July 2024

These features and Databricks platform improvements were released in July 2024.

Note

Releases are staged. Your Databricks account might not be updated until a week or more after the initial release date.

Increased limit for simultaneous tasks

July 31, 2024

The workspace limit for tasks running simultaneously has been raised to 2000. See Resource limits.

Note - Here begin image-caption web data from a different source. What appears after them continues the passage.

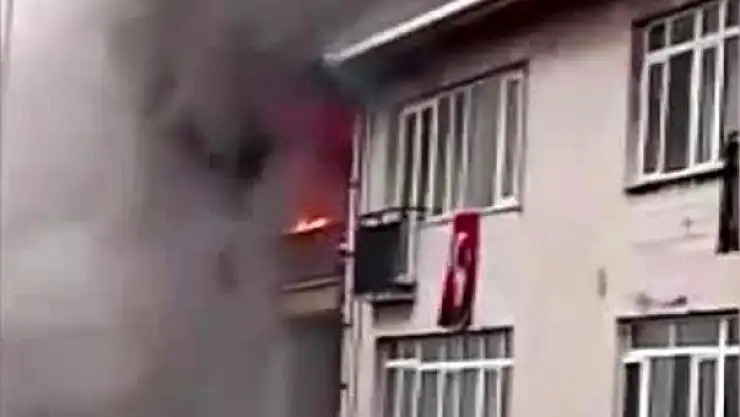 5 KATLI BİNA ALEV ALDI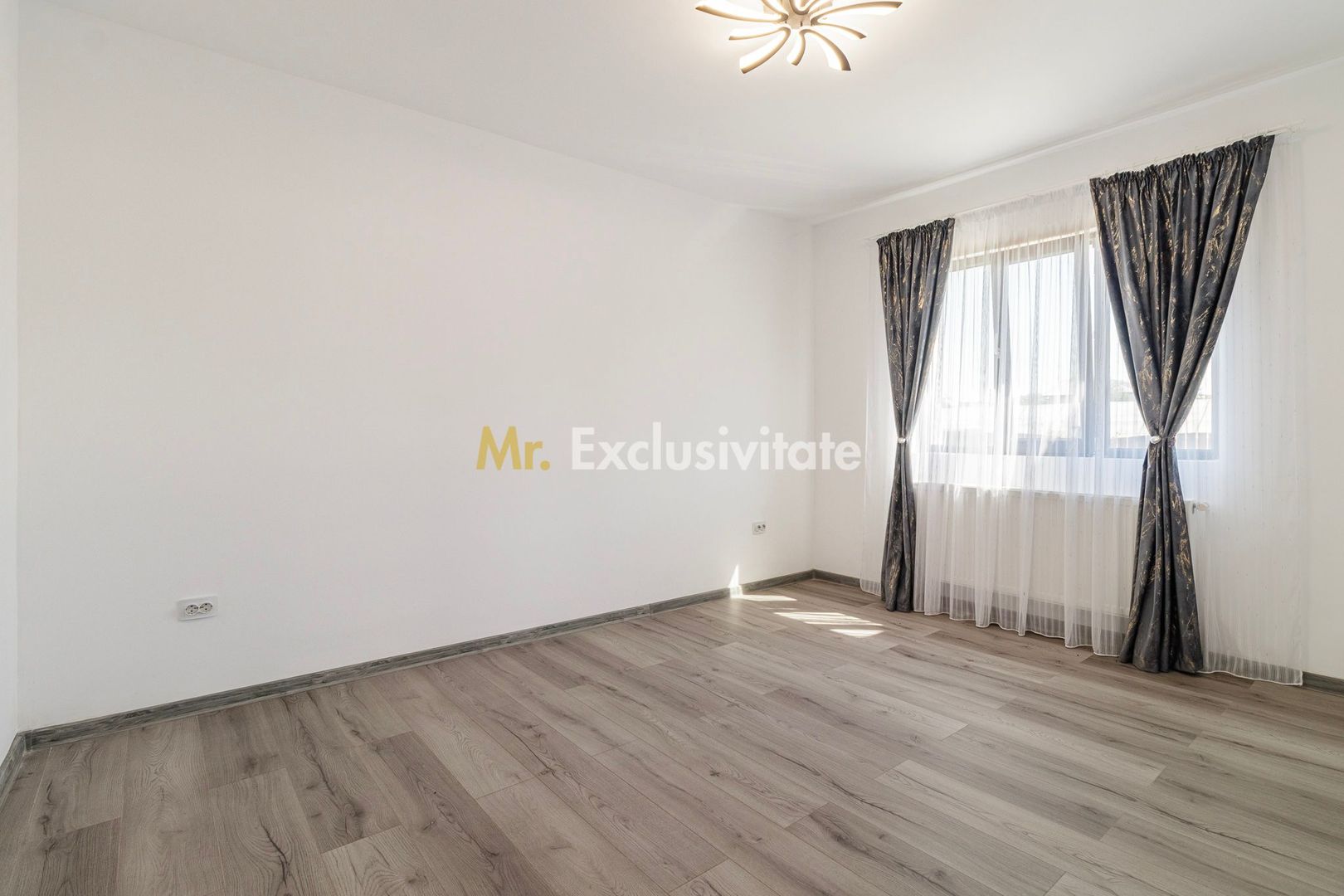 Casa la sat, constructie noua, la 20 de km de Bucuresti - Poză 12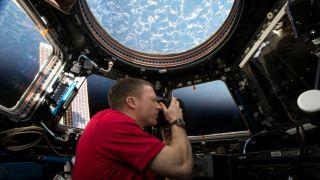 How to take photographs from orbit, according to an actual astronaut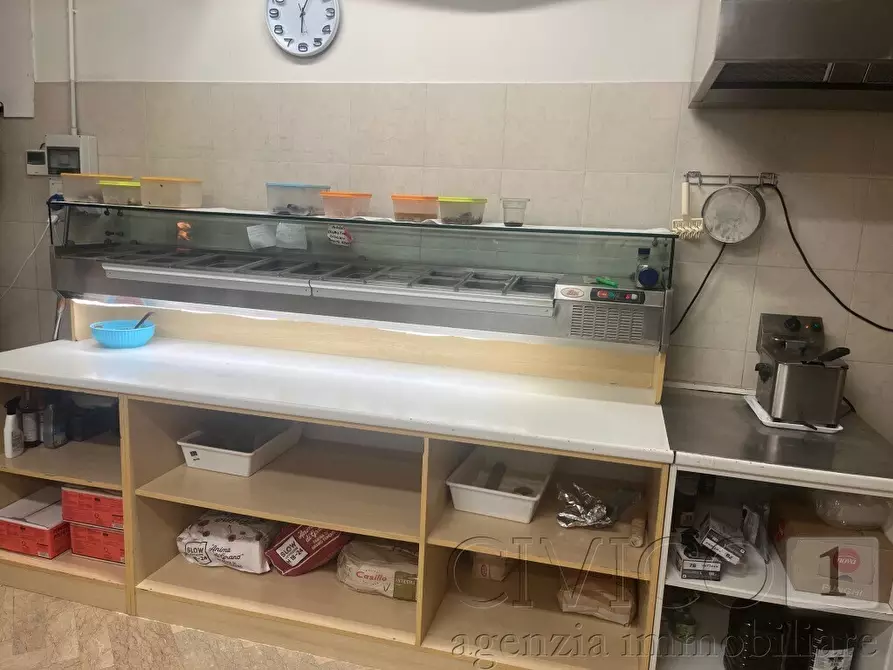 Immagine 9 di Pizzeria / Pub in vendita  in Via Monte Grappa 2 a Albettone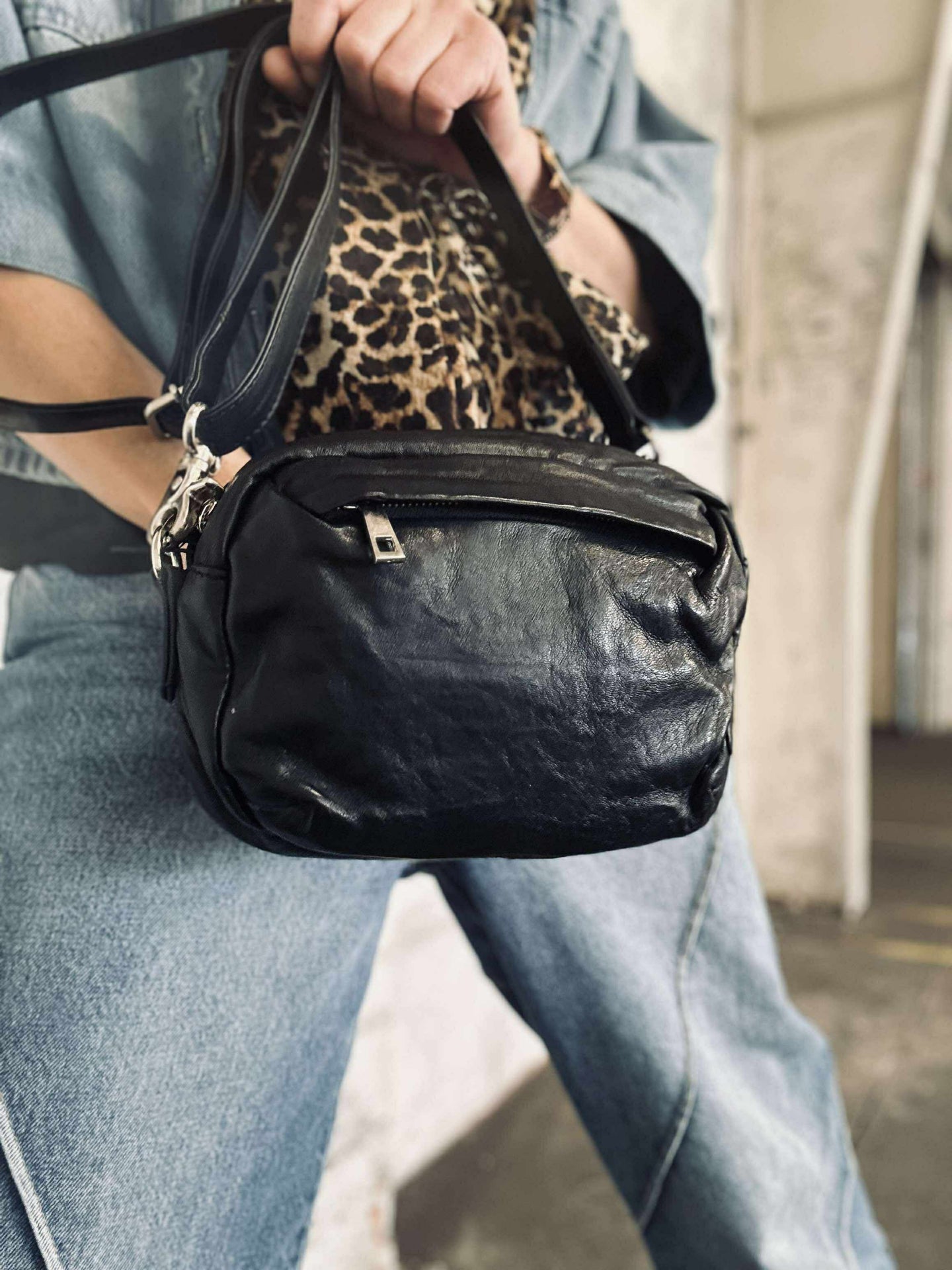 Axelremsväska Hanna Svart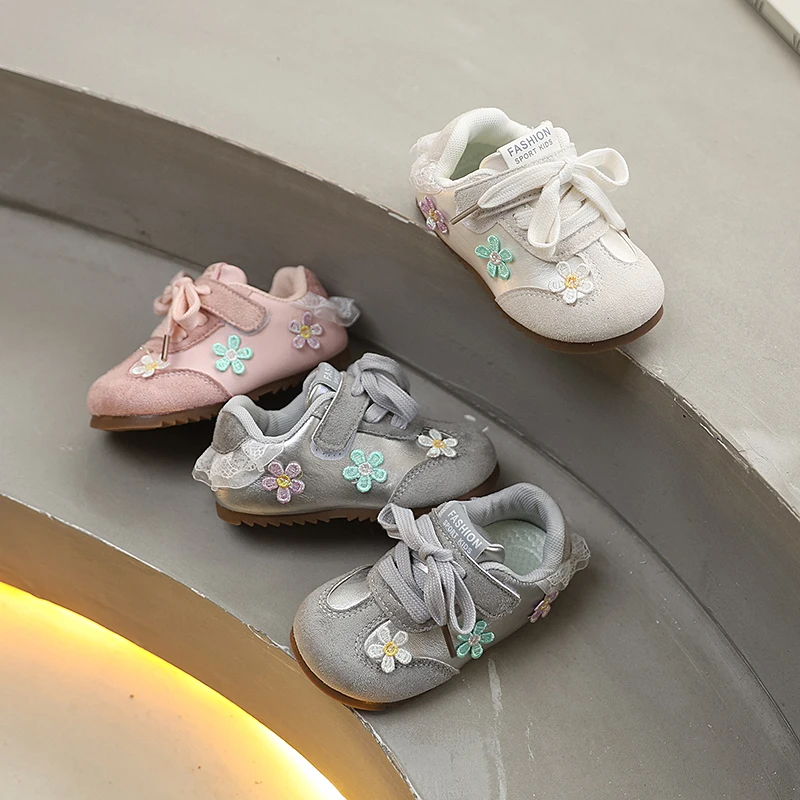Новые детские спортивные кроссовки 2026 года: милые, с цветочным узором, для девочек, школьные, с кружевной отделкой, модные, для бега
Новые детские спортивные кроссовки 2026 года: милые, с цветочным узором, для девочек, школьные, с кружевной отделкой, модные, для бега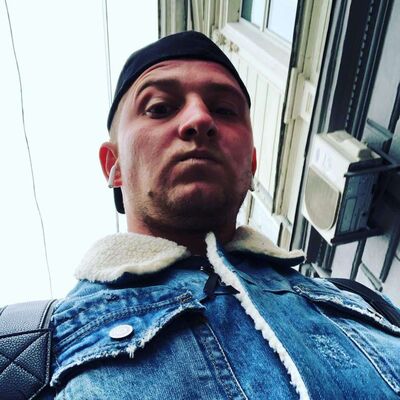  ,   Artur, 27 ,   ,   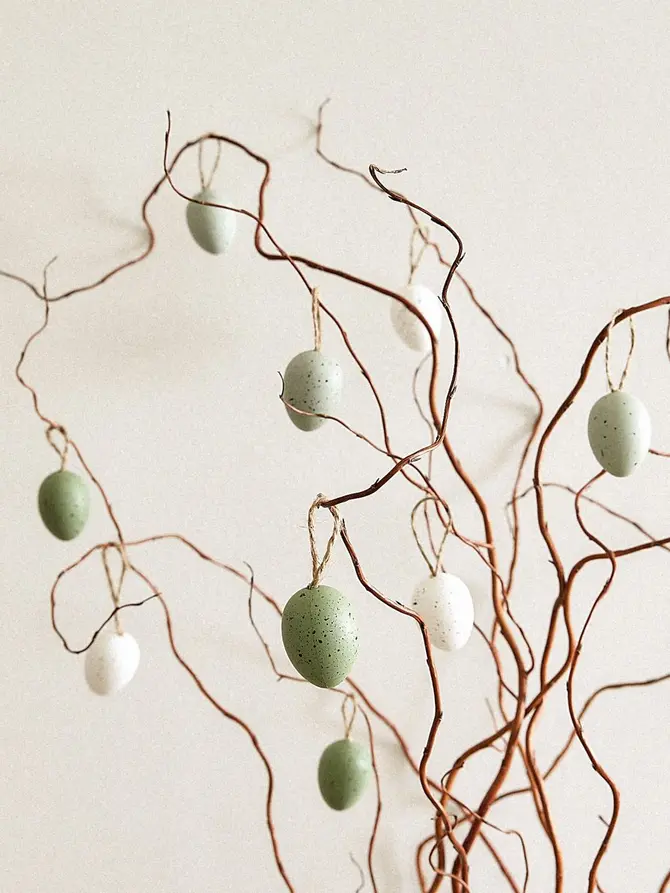 Zawieszka MARVA jajka biało-pistacjowe zestaw duży 9 szt. 3x4 cm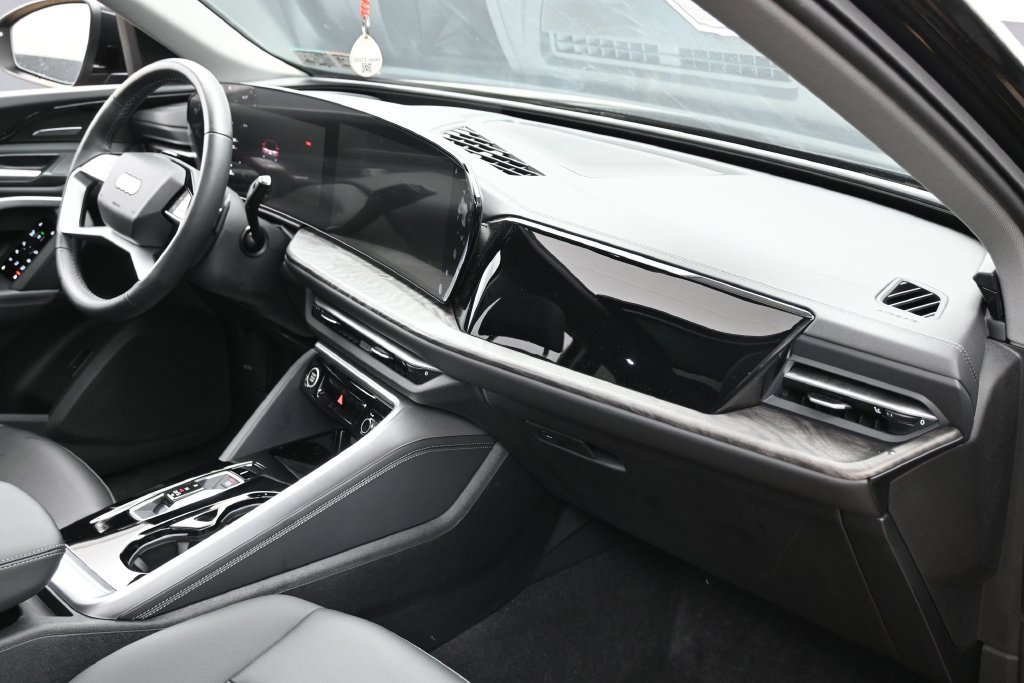 Used 2025 Audi Q5 Premium Plus w/ Premium Plus AWD/4WD image 27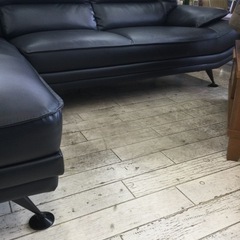 【✨全体的にキレイです❗️モノトーンでオシャレです❗️ゆったりと座れます❗️高級感あります❗️合わせやすいです❗️✨】定価¥89,800円　3PカウチソファSAKODA/サコダ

Embed and drag & drop images in notebooks

July 31, 2024

You can now display images in notebooks by embedding them directly in markdown cells. Drag and drop images from your desktop directly into markdown cells to automatically upload and display them. See Display images and Drag and drop images.

Command palette available in notebooks

July 31, 2024

You can now quickly perform actions in the notebook using the command palette. Press Cmd + Shift + P on MacOS or Ctrl + Shift + P on Windows while in a notebook to access frequently used actions. See Command palette.

Workflow system schema renamed to lakeflow

July 31, 2024

The workflow schema is being updated to lakeflow. We recommend that you switch to lakeflow as it will include all the current tables plus new ones in the future, like pipelines. Customers must opt-in to the lakeflow schema to make it visible in their metastore. See Jobs system table reference.

LakeFlow Connect (gated Public Preview)

July 31, 2024

LakeFlow Connect offers native connectors that enable you to ingest data from databases and enterprise applications and load it into Databricks. LakeFlow Connect leverages efficient incremental reads and writes to make data ingestion faster, scalable, and more cost-efficient, while your data remains fresh for downstream consumption.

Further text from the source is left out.